Commerce et donnees
La vague de localisation des données : le coût caché du commerce numérique mondial et les solutions politiques
Le rapport de l'ITIF montre que les politiques de localisation des données dans le monde ont doublé en quatre ans, passant de 67 mesures dans 35 pays à 144 mesures dans 62 pays. Ces barrières numériques remodèlent profondément l'économie numérique mondiale, avec une perte de 7 % de la production commerciale, une baisse de 2,9 % de la productivité et une hausse des prix de 1,5 %. Cet article, adoptant une perspective macroéconomique, analyse la logique de diffusion des restrictions sur les données, leurs coûts économiques et les pistes politiques.

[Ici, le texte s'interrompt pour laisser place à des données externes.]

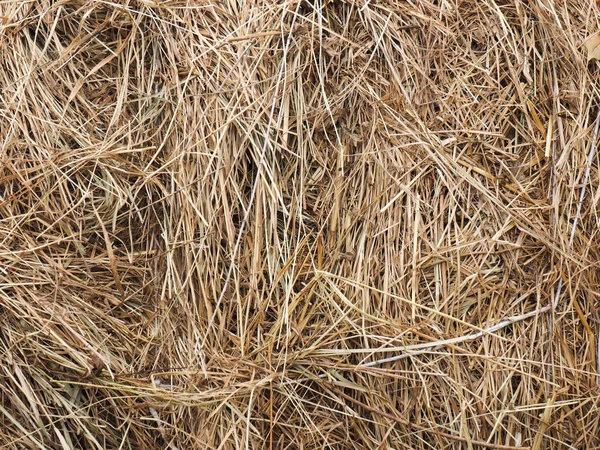 코카서스 가까이에 있는 마른 잔디 더미 — 스톡 사진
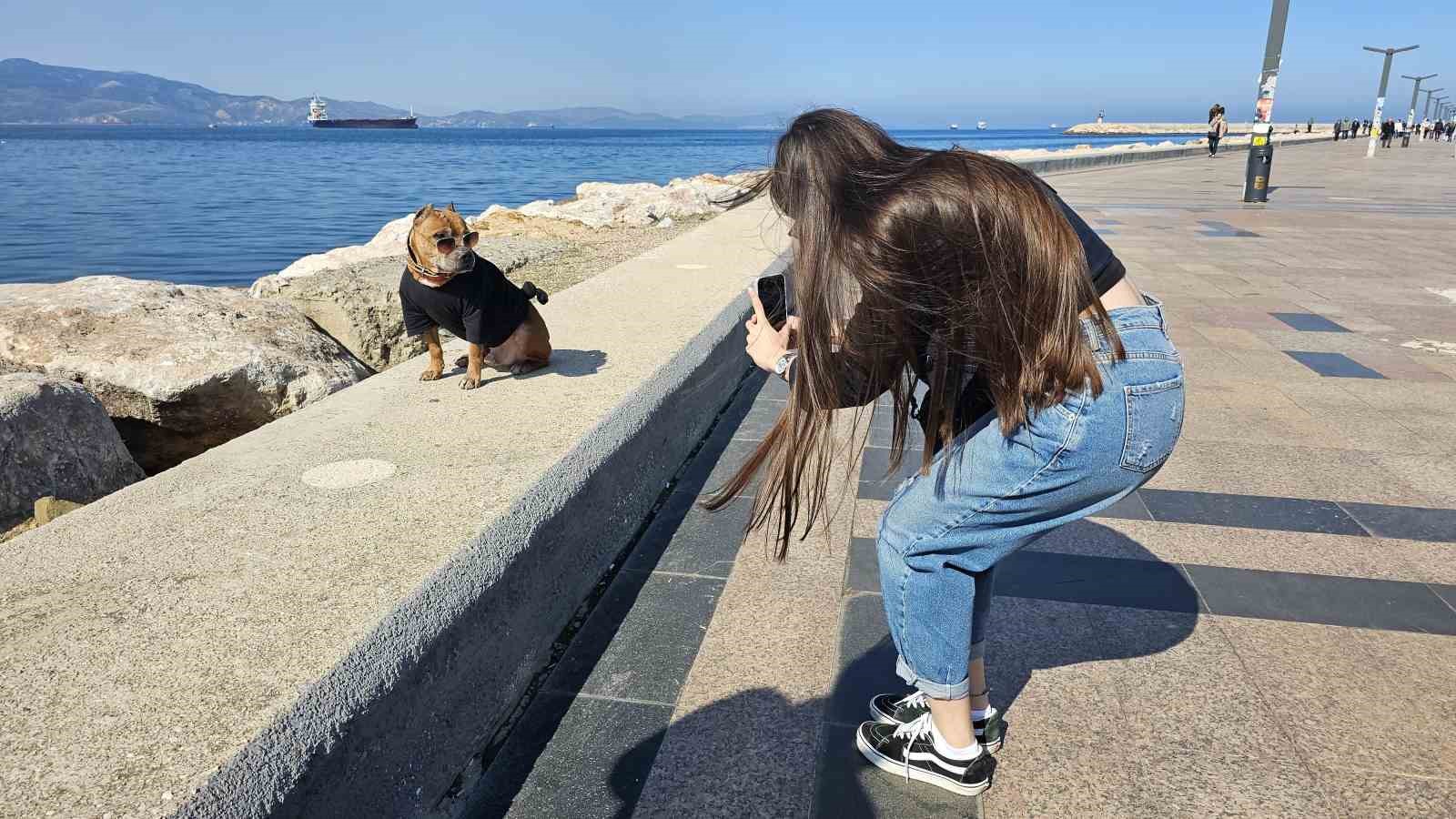 Pitbull Oscar’ın şıklığı göz kamaştırdı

Introduction : la nouvelle géoéconomie des flux de données
La reprise économique mondiale de l'ère post-pandémique dépend plus que jamais des flux de données transfrontaliers. La collaboration en recherche médicale, l'automatisation de la production de vaccins, le télétravail et les services numériques sont tous devenus des éléments centraux de la résilience économique. Cependant, alors que les dividendes numériques continuent d'être distribués, une vague de politiques visant à « ancrer » les données à l'intérieur des frontières nationales se répand à l'échelle mondiale. Un rapport publié en juillet 2021 par la Fondation pour les technologies de l'information et l'innovation (ITIF) indique que les mesures de localisation des données dans le monde ont plus que doublé en quatre ans, une évolution qui devient une variable clé dans la configuration du commerce et de la croissance mondiaux.
Localisation des données : d'une politique marginale à une tendance mondiale
Selon les données de suivi de l'ITIF, en 2017, 35 pays dans le monde mettaient en œuvre 67 mesures de restriction à la localisation des données ; en 2021, ce nombre est passé à 144 mesures dans 62 pays, et 38 autres politiques étaient en préparation ou à l'étude. La localisation des données désigne l'obligation de stocker ou de traiter les données à l'intérieur du territoire, tout en imposant des obstacles juridiques ou de fait aux transferts de données transfrontaliers.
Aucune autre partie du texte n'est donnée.